George felt the same, “[Wharton] was not your typical self-ballyhooing artist… He struck me as totally integrated as a human being. He may have had his private neuroses but they were not evident, because he had a wonderful attitude toward existence. He could joke and make light of a lot of serious things and yet you knew that underneath all that joking was great seriousness… It was really a lesson in more ways than I can even articulate to be with a man who was unselfconscious about his relation to his work and so far from self-promoting himself.” These sentiments ring true with Esherick’s nephew and celebrated architect Joseph Esherick’s statement at another Annual Members’ Party: [Wharton] had no axe to grind for any movement other than honesty.
In the oral history, Rochberg is careful not to suggest that he achieved an Esherick-like way about his own life. Conversely, many of Rochberg’s stories revolved around how much he would espouse his ideas, considering himself a great arguer and eager to engage in rigorous conversation, to which Esherick would tease, “You’re either the bravest or the most foolish man I ever met!”
Rochberg was known for bucking expectations in his field, willing to go against the grain in pursuit of his self-expression. He was criticized for abandoning the modernism of his earlier works – which were in line with avant-garde mid-century movements – and returning to more traditional approaches in the 1960s after the death of his teenage son.

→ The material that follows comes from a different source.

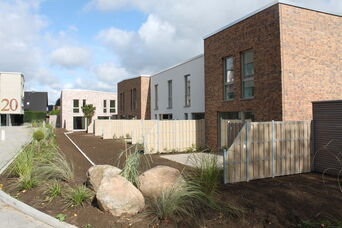Neubau eines Mehrfamilienhauses mit 35 WE und 18 Reihenhäusern in Scharbeutz <br>Bauzeit: 2016-2017 <br>Leistungsspektrum: HOAI Phase: 1-9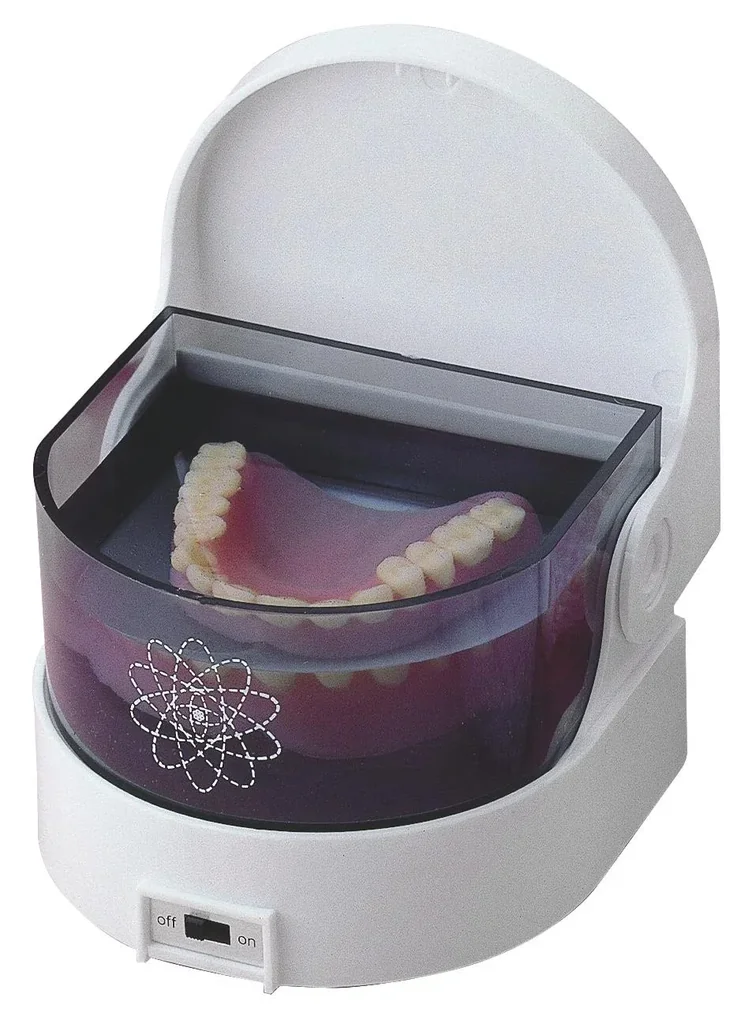 Battery-operated denture cleaner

For Rochberg, the atonal qualities of his earlier style were too limiting and lacked the expressiveness he desired. However his music hits your ear, it is clear that Rochberg was on an earnest search for authenticity, and that seems like a trait Esherick would have admired. It was certainly part of what Rochberg admired in Esherick.
“[Wharton] had a kind of cleanliness of spirit, mind, and person which is pretty rare… He refused to remain attached to anything that he felt for any reason did not belong to him. So whether it was religion or New York or whatever it was, when the time came after a crucial experience, he would shed, and in that way he didn’t drag baggage with him through his days… he stayed an airy spirit.”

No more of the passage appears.